After obtaining a certificate of probable cause (see § 1237.5, subd. (b)), defendant appealed on the ground that his counsel’s stipulation failed to satisfy the requirements of section 1192.5. The Court of Appeal affirmed, reasoning that, because the trial court had found defendant’s stipulations and responses to the prosecutor’s voir dire to be knowing and voluntary, counsel’s stipulation to a factual basis for the plea “ ‘must be regarded as an admission by defendant,’ ” as it was made in open court “ ‘in defendant’s presence with defendant’s apparent assent.’ ” (Quoting People v. Voit (2011) 200 Cal.App.4th 1353, 1371, fn. 14 [133 Cal.Rptr.3d 431] (Voit).) Therefore, the Court of Appeal reasoned, “defendant’s contention that the factual basis inquiry was not sufficient is ‘essentially a challenge not to the trial court’s process but to its ultimate conclusion that there was a factual basis for the plea.’ ” (Quoting Voit, at p. 1370.) The court found no abuse of discretion in the trial court’s acceptance of the plea, citing People v. Marlin (2004) 124 Cal.App.4th 559, 572 [21 Cal.Rptr.3d 470] (abuse of discretion standard applies to a challenge to a guilty plea).

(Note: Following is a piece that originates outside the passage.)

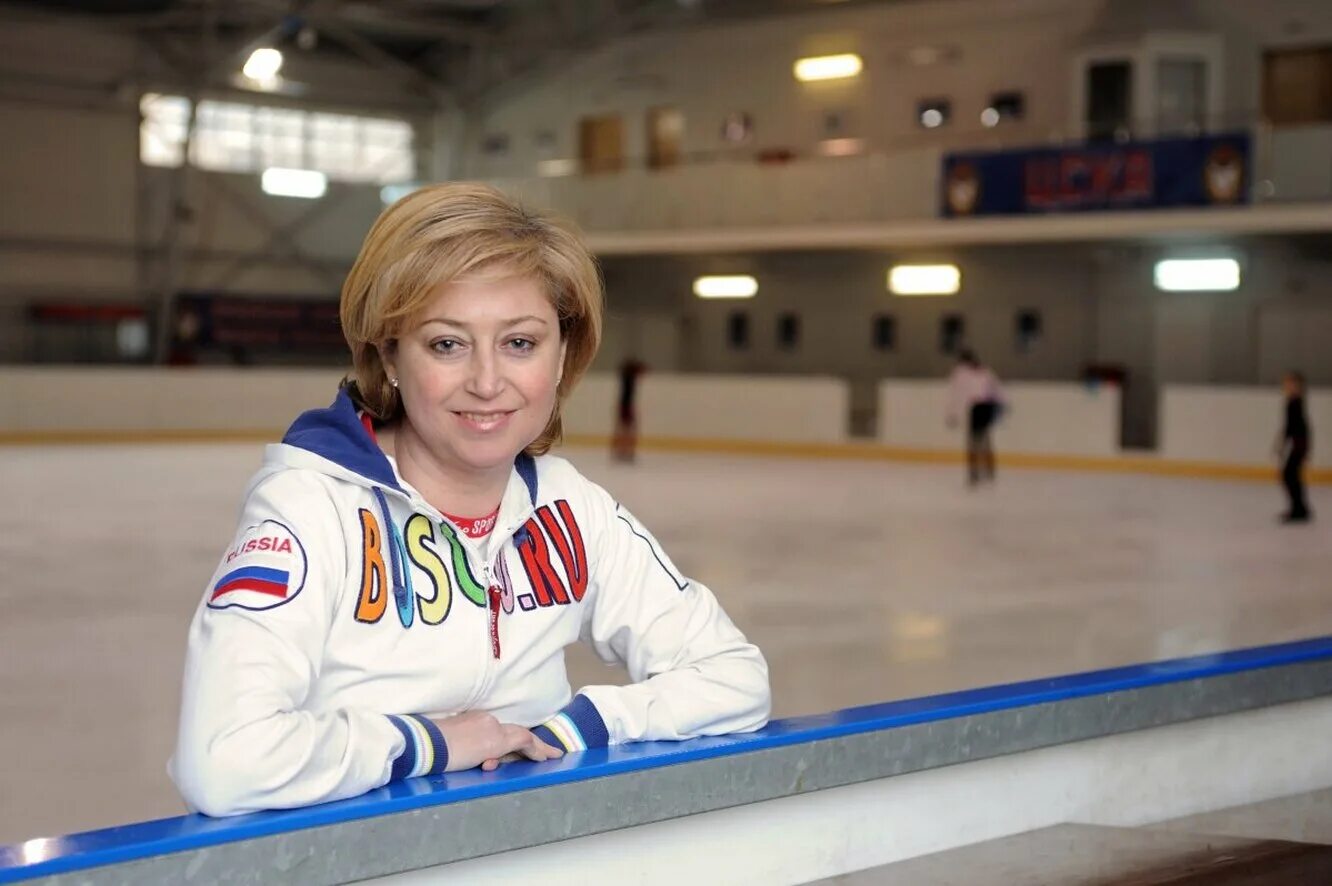 Елена водорезова в молодости. Елена водорезова фигурное катание. Елена водорезова в детстве. Елена водорезова. Тренер по фигурному катанию елена водорезова.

We granted defendant’s petition for review to determine whether a claim the trial court failed to establish a factual basis for the plea under section [114]*1141192.5 is cognizable on appeal when defense counsel stipulated to a factual basis and, if so, to answer the question left open in Holmes, supra, 32 Cal.4th 432: whether counsel’s bare stipulation, without reference to any document describing the underlying facts, sufficiently establishes a factual basis for the plea. We conclude such claims are cognizable on appeal, and a bare stipulation without reference to any document describing the facts may, in an appropriate case, satisfy the requirements of section 1192.5. Here, where defendant acknowledged in the plea colloquy that he had discussed the elements of the crime and any defenses with his counsel and was satisfied with her advice, the trial court did not abuse its discretion in finding a factual basis for defendant’s no contest plea based on counsel’s stipulation. We therefore affirm the judgment of the Court of Appeal.

ANALYSIS

Under section 1237.5, a defendant may appeal from a conviction on a plea of guilty or no contest only on grounds going to the legality of the proceedings; such a plea precludes appellate consideration of issues related to guilt or innocence, including the sufficiency of the evidence to support the conviction. (People v. DeVaughn (1977) 18 Cal.3d 889, 895-896 [135 Cal.Rptr. 786, 558 P.2d 872]; People v. Ward (1967) 66 Cal.2d 571, 575 [58 Cal.Rptr. 313, 426 P.2d 881]; People v. Gonzalez (1993) 13 Cal.App.4th 707, 713-714 [16 Cal.Rptr.2d 635].) Defendant contends his challenge to the trial court’s finding of a factual basis for his no contest plea is one going to the legality of the proceedings and hence cognizable on appeal.

Defendant relies on People v. Marlin, supra, 124 Cal.App.4th 559, 571 (Marlin), where the court reasoned: “Even though a defendant may in fact be guilty of the offense to which he pleads guilty, given the policy considerations underlying the intent behind section 1192.5, an adequate inquiry into the factual basis for the plea addresses broader issues such as the voluntariness of the plea and a knowing decision to plead guilty. A sufficient factual inquiry must be considered a necessary component of the legality of the proceedings. To decide otherwise would preclude review of the factual basis for a plea of guilty or no contest thereby frustrating the policies the statute is intended to advance.”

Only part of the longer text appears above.